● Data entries
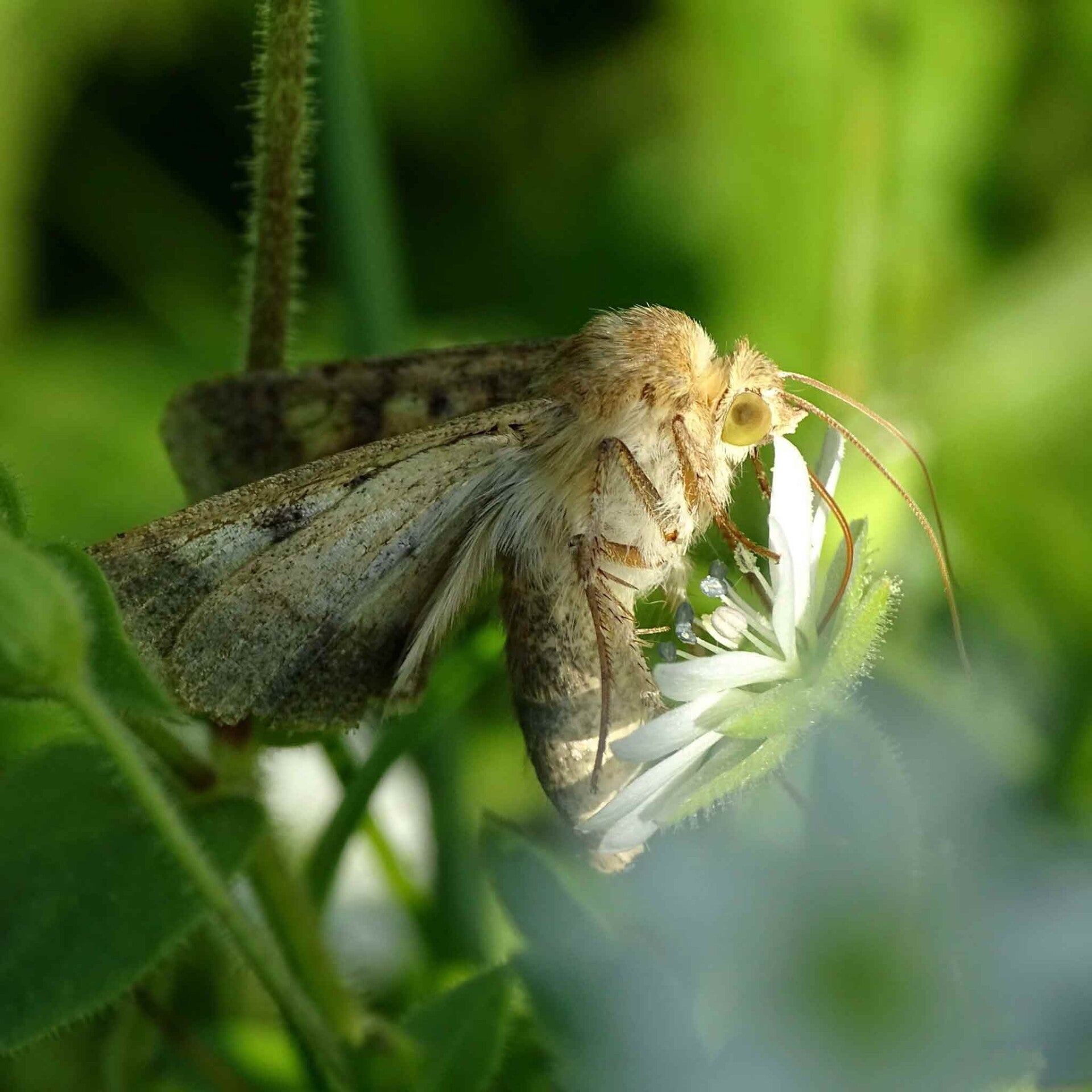 wir flattern auf heimische nachtfalter tagfalter raupen nahrungspflanzen österreich petra urbanek inge biller sabine gasparitz wirflatternauf bugs-team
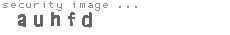 security image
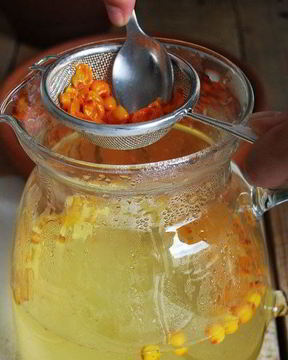 Напиток из облепихи и имбиря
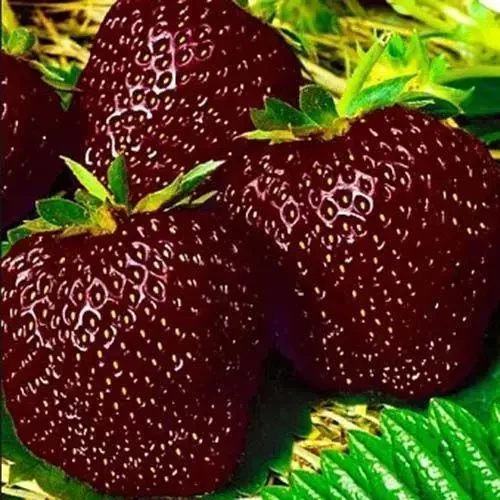 Полуниця "Чорний принц" 10шт. (високоврожайний, посухостійкий сорт), фото 1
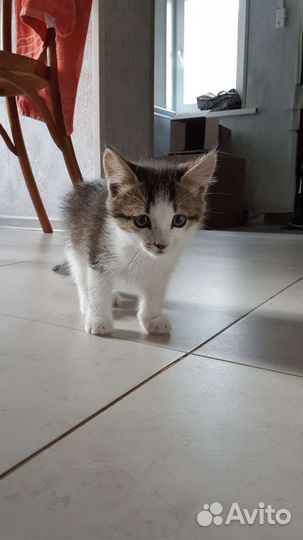 Котята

● Brief
Repeat the data exactly in full, omitting its pictures.

● Finished exercise
 wir flattern auf heimische nachtfalter tagfalter raupen nahrungspflanzen österreich petra urbanek inge biller sabine gasparitz wirflatternauf bugs-team
 security image
 Напиток из облепихи и имбиря
 Полуниця "Чорний принц" 10шт. (високоврожайний, посухостійкий сорт), фото 1
 Котята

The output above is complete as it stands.